Alex Leavitt, a Ph.D. student at the University of Southern California's Annenberg School of Communications, is researching how "the norms and the philosophies of open source software apply to the development of media and the creative industries."

"Minecraft" is one of his case studies, an example of a "collaborative ecosystem" in which "audiences and consumers are changing into co-producers with the people who are creating either the game or the software."

"Minecraft" deserves to be included in any discussion of gaming culture as much as "Grand Theft Auto V," if only for its demonstration of how being part of a community of gamers can generate as much satisfaction and enjoyment as actually playing the "game." Search for "Minecraft" on YouTube and you will find millions of videos dedicated to the world of "Minecraft." Tutorials, tours, play-by-play recordings of how a particular world was built -- my son has spent countless hours watching others play the game or teach the game in addition to playing the game itself.

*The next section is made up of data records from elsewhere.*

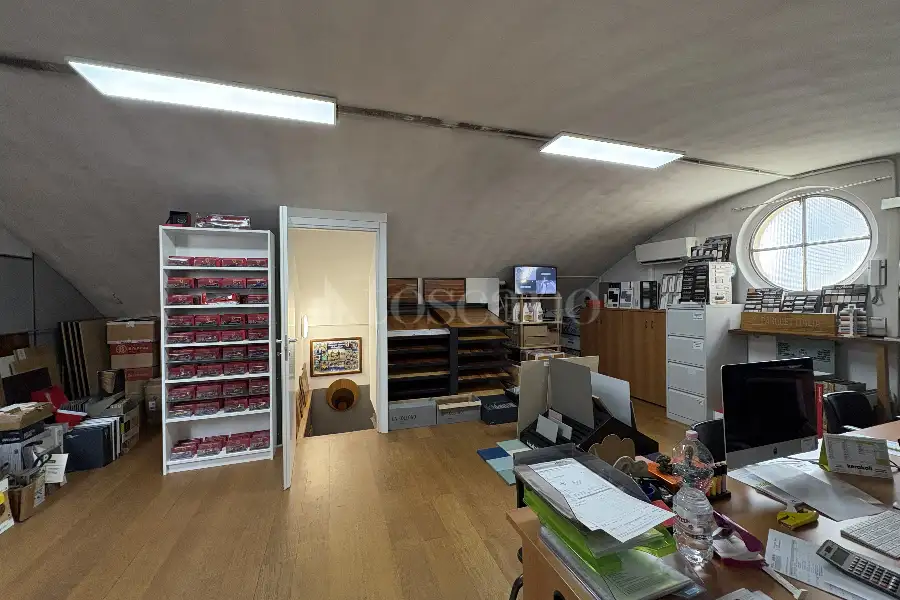 Laboratorio in vendita di 270 mq a €540.000 (rif. 9/2026)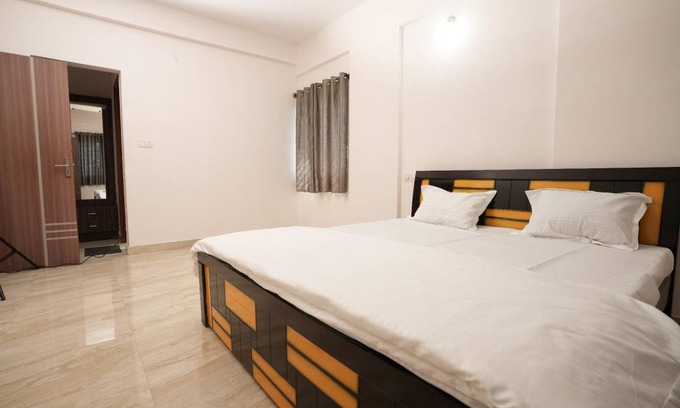 Bengaluru Apartment | 2400 m² Apartment ∙ 2 bedrooms ∙ 9 guests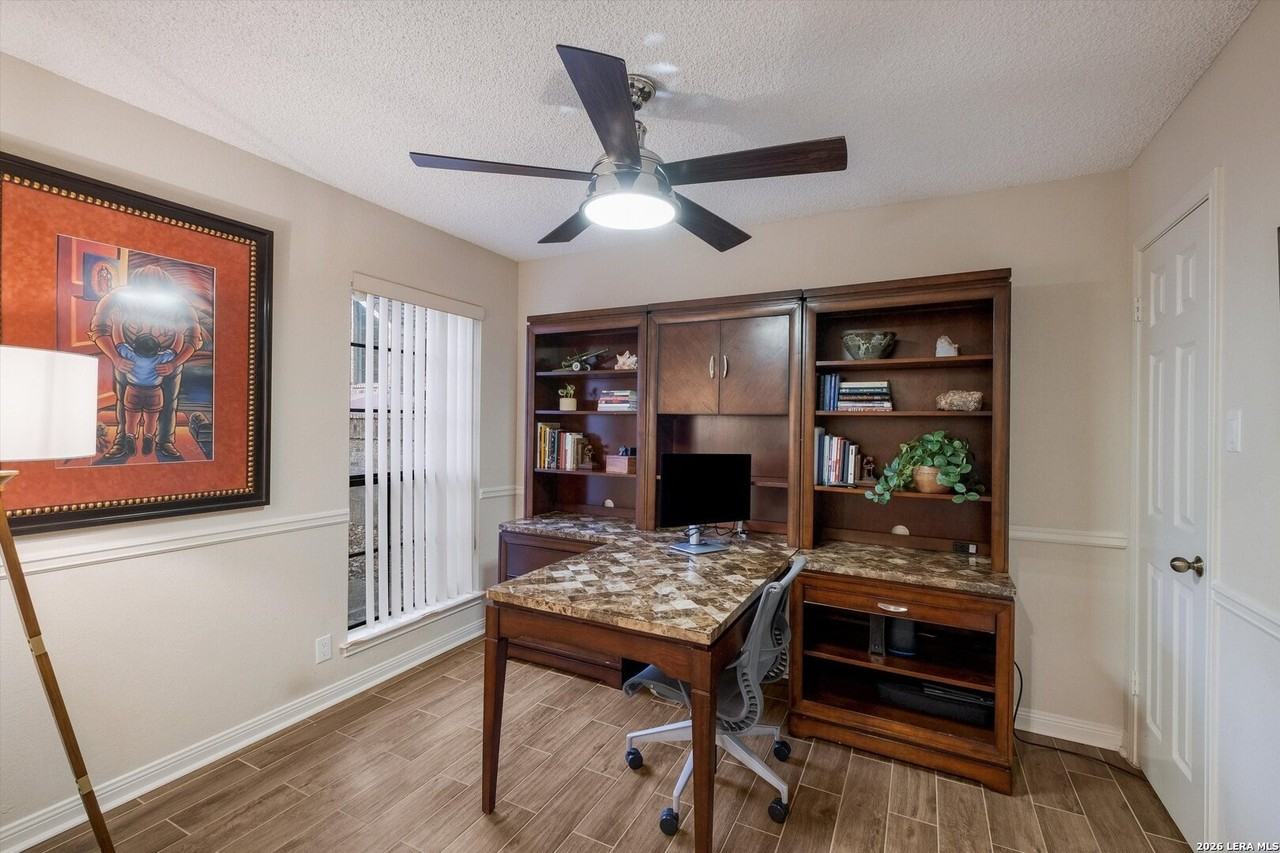 4402 Bending Oak St - Photo 3 of 28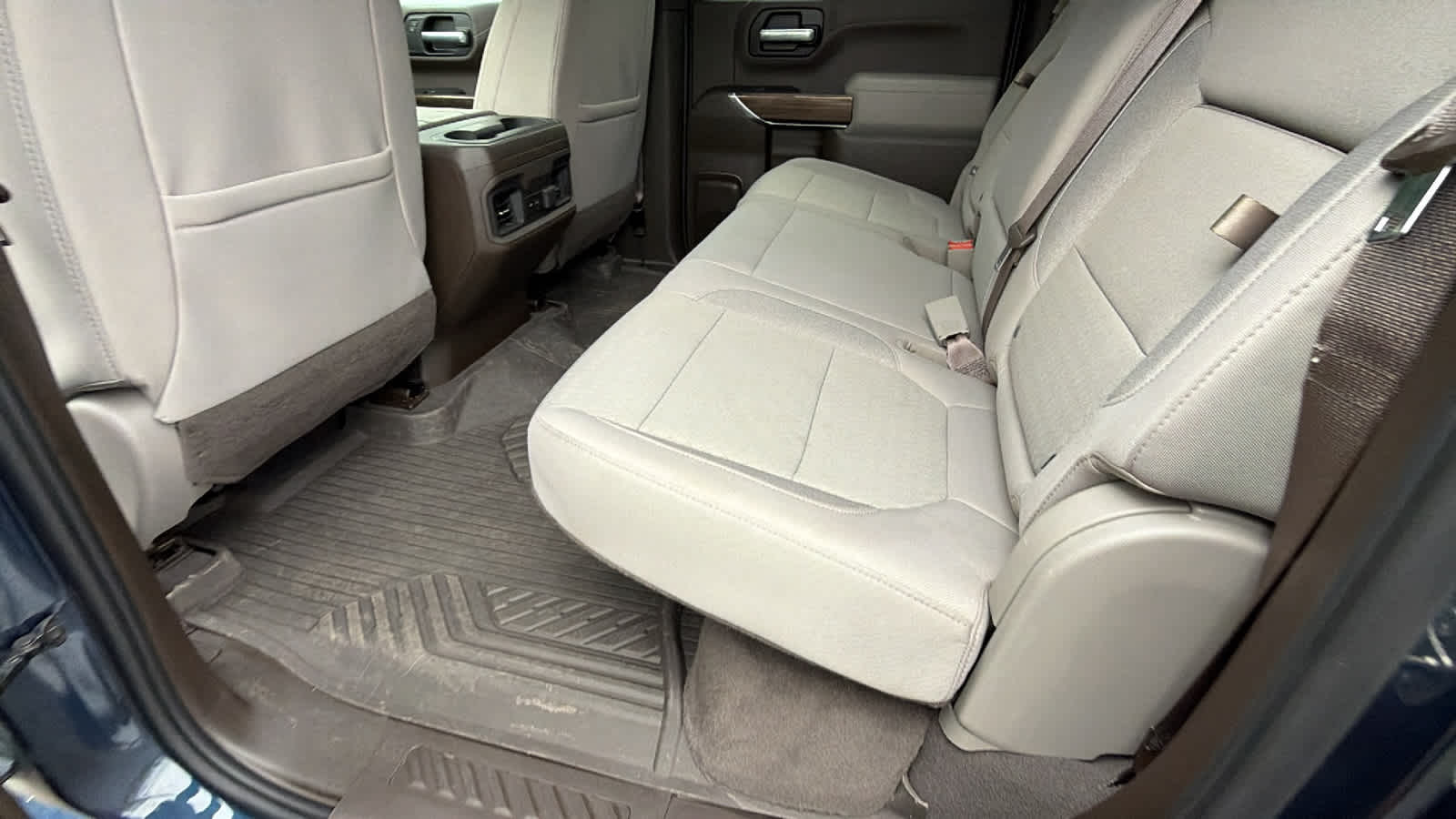 Thumbnail: 2021 Chevrolet Silverado 1500 - 17
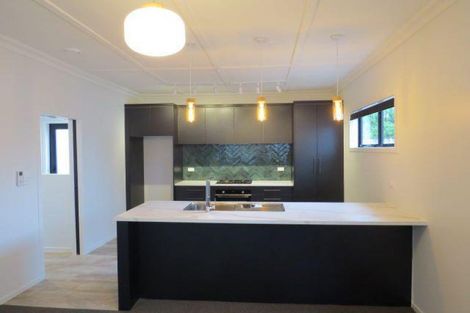 Photo of property in 66 Govett Avenue, Frankleigh Park, New Plymouth, 4310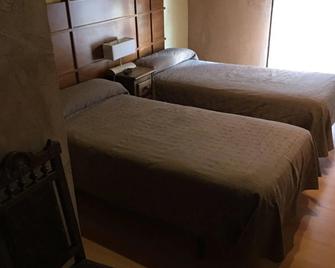 La Bastide Du Chemin - Sant Fagund - Habitación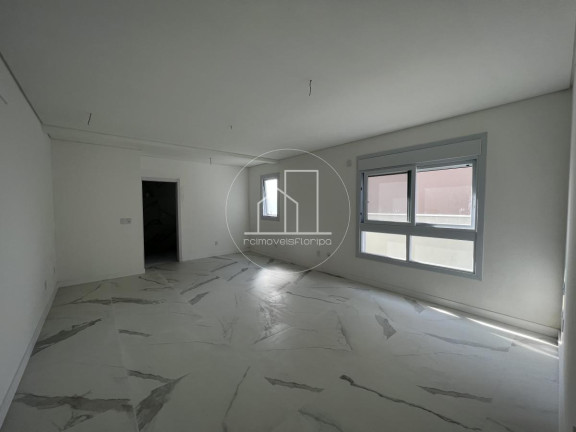 Imagem Casa com 4 Quartos à Venda, 477 m² em Ingleses Do Rio Vermelho - Florianópolis Imagem Casa com 4 Quartos à Venda, 477 m² em Ingleses Do Rio Vermelho - Florianópolis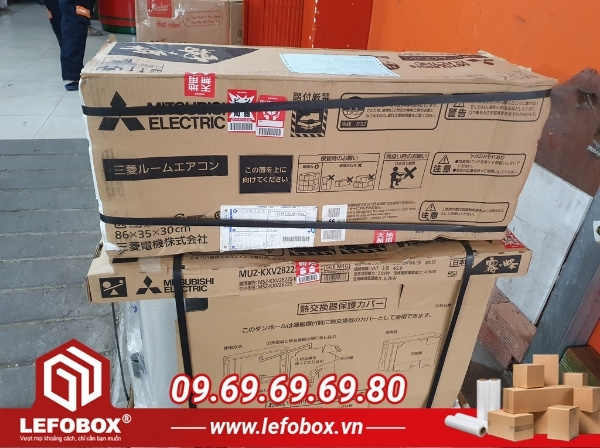 Đóng máy lạnh vào thùng carton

To a certain extent this is his TV.

"How we look at game culture," says Leavitt, "requires looking through the lens of the game itself: its particular style, the way you interact with it and the conversations about it."

"'Minecraft' is open-ended, " says Leavitt. "Your imagination is at the forefront of how you play the game. You are not forced to interact with the dialogues and discourses that 'Grand Theft Auto' literally shoves in your face, before you even play the game, just in the way it is advertised. In that sense, game culture is dictated by the game."

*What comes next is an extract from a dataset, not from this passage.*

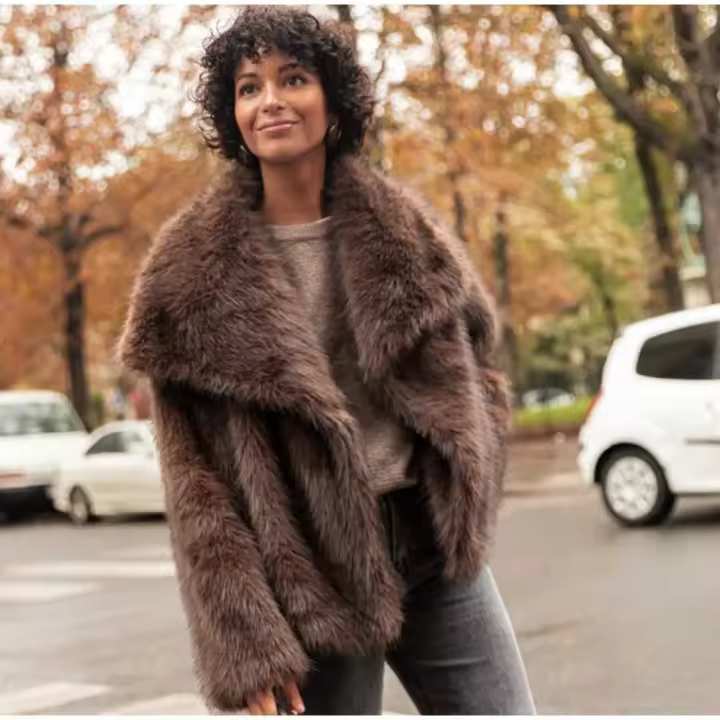 Abrigos de piel sintética esponjosos con solapa marrón vintage para mujer, chaquetas gruesas y cálidas de manga larga, prendas de vestir informales de calle para invierno 2024 - 1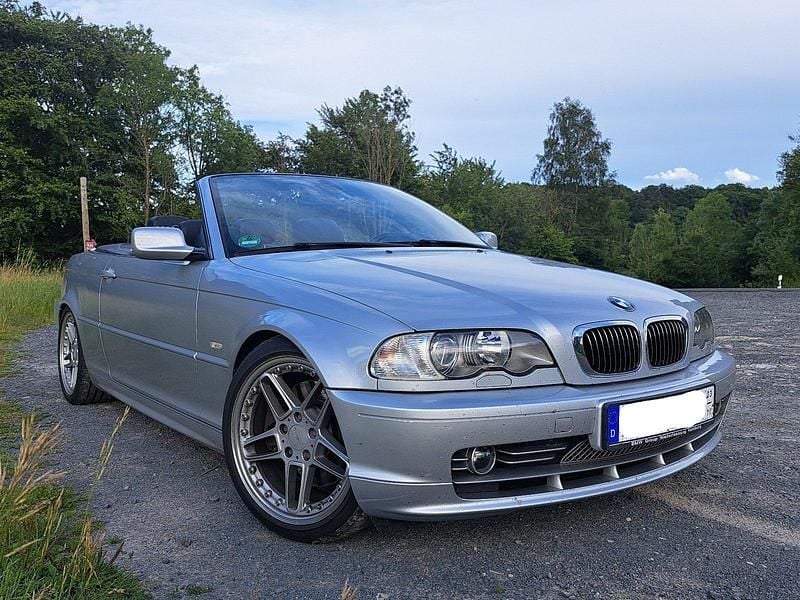Silber Gebraucht 2002 BMW 330 Cabriolet Cabrio | 13.950 € (Fairer Preis) - Bild 1/4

The platform and the mode of interaction make a big difference -- something that explains why your grandmother might be willing to play a game on her iPhone while never daring to pick up an Xbox 360 game controller. So cool it with the cesspool naysaying: Games that encourage collaboration and community feed fountains of positivity.

In "A Letter to Niko," Tom Bissell laments the fact that an article written by a woman mildly critiquing "GTA V" received 20,000 mostly negative comments featuring the kind of hateful misogynist rhetoric all too common in contemporary online discourse. But why should it be surprising at all -- or even depressing -- that a game whose structure encourages and even rewards antisocial behavior nurtures a community that embodies similar, uh, values? So a game that targets young men and invites them to act out successfully attracts a horde of assholes! Something so predictable is hardly cause for despair, and it shouldn't serve as an indictment of video gaming culture writ large.

* * *

I'm mulling over that Razer Blade again. Just for old time's sake, I'm thinking. I could play the new Zerg campaign for "Starcraft II" that was released a few months back. Or I could splurge and buy that "Bioshock Infinite" game that seemed so interesting when it was getting heavily advertised. Or maybe I could try my own hand at "Minecraft."

But oddly, though I can appreciate how your typical 15-year-old hardcore gamer would desire a Razer Blade of his own with profound lust, to me, the machine looks a little quaint, a little obsolete. A dedicated gaming laptop? What isn't a gaming machine these days? I can play games on my phone, or on a tablet, or on any of my computers. Raw computing and graphics processing power might be important for playing the most bleeding-edge big budget new releases, but increasingly, the indie games that seem the most attractive or the mobile games that shoot up the app charts fastest are the games that put a premium on being clever or funny or interactive. The hardcore gamer is a niche, soon to be overwhelmed by a world in which, one way or another, we're all gamers. And that's all right.